[[ Dataset content open ]]

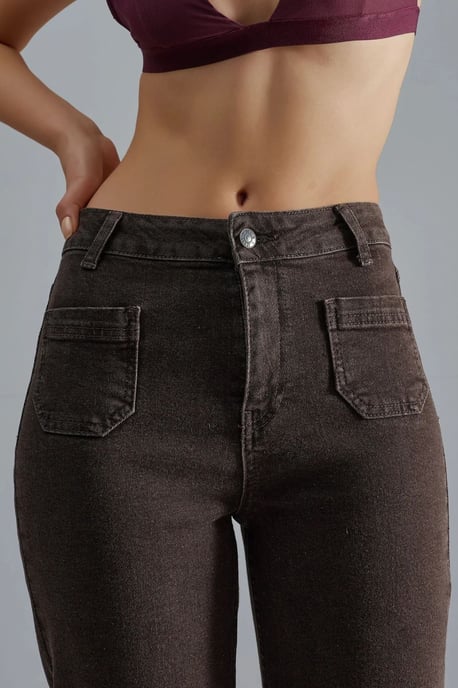 Hochtaillierte Bootcut-Jeans - Image 6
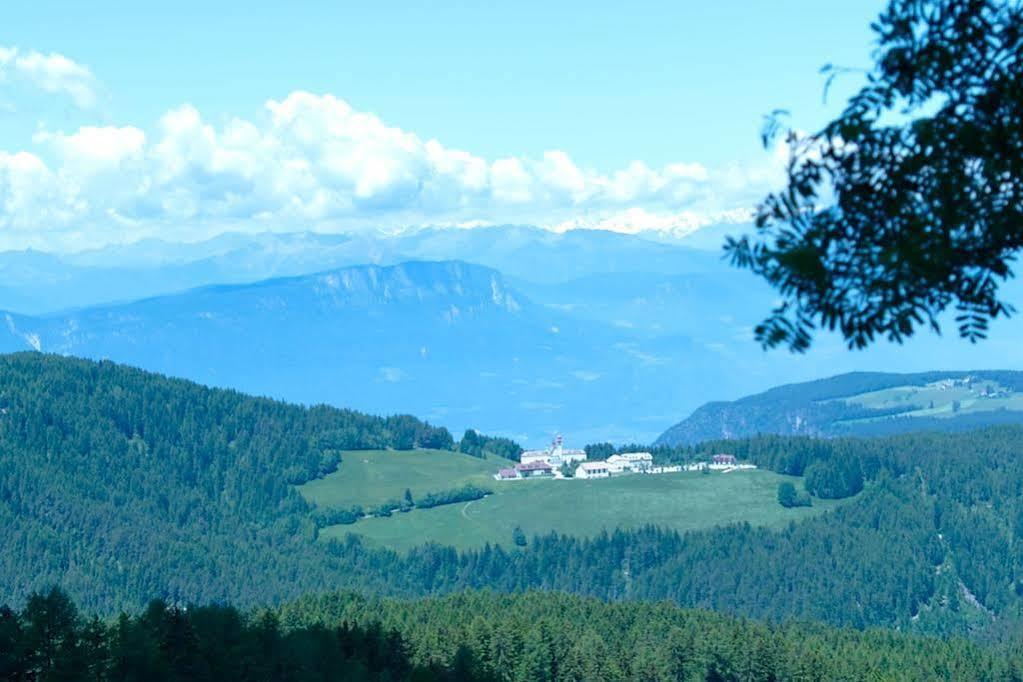 Hotel Peter Petersberg Zewnętrze zdjęcie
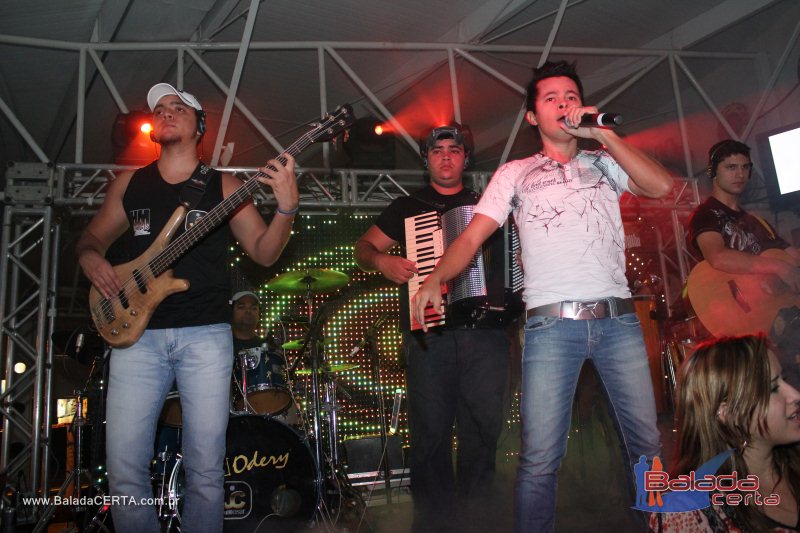Balada: Fotos de Sexta na Plataforma do Choop na Cidade do Automovel - DF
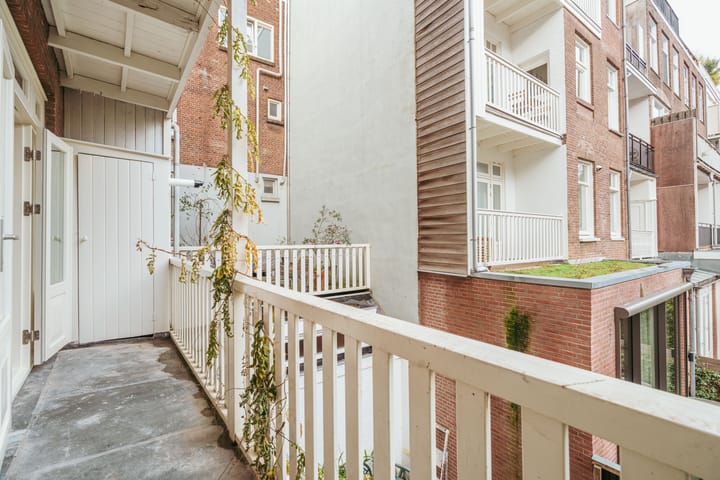 Photo 25 of Emmastraat 15-H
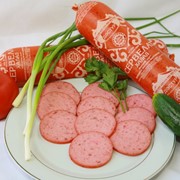 Колбаса варено-копченая “Сервелат“ халал фотография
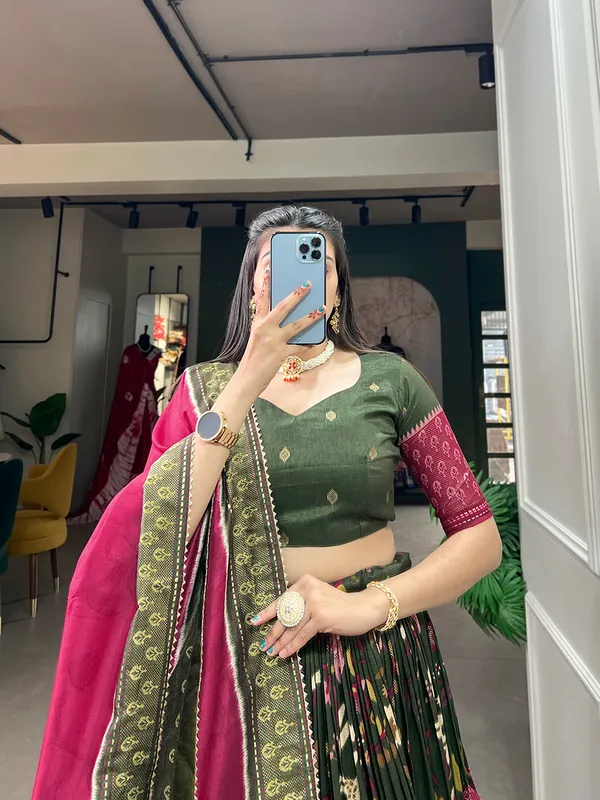 Green_Premium_&_Elegant_Dola_Silk_Lehenga_Choli_For_Women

[[ Dataset content closed ]]

Work instructions :: Return all records above verbatim without their pictures.

Output ::
 Hochtaillierte Bootcut-Jeans - Image 6
 Hotel Peter Petersberg Zewnętrze zdjęcie
Balada: Fotos de Sexta na Plataforma do Choop na Cidade do Automovel - DF
 Photo 25 of Emmastraat 15-H
 Колбаса варено-копченая “Сервелат“ халал фотография
 Green_Premium_&_Elegant_Dola_Silk_Lehenga_Choli_For_Women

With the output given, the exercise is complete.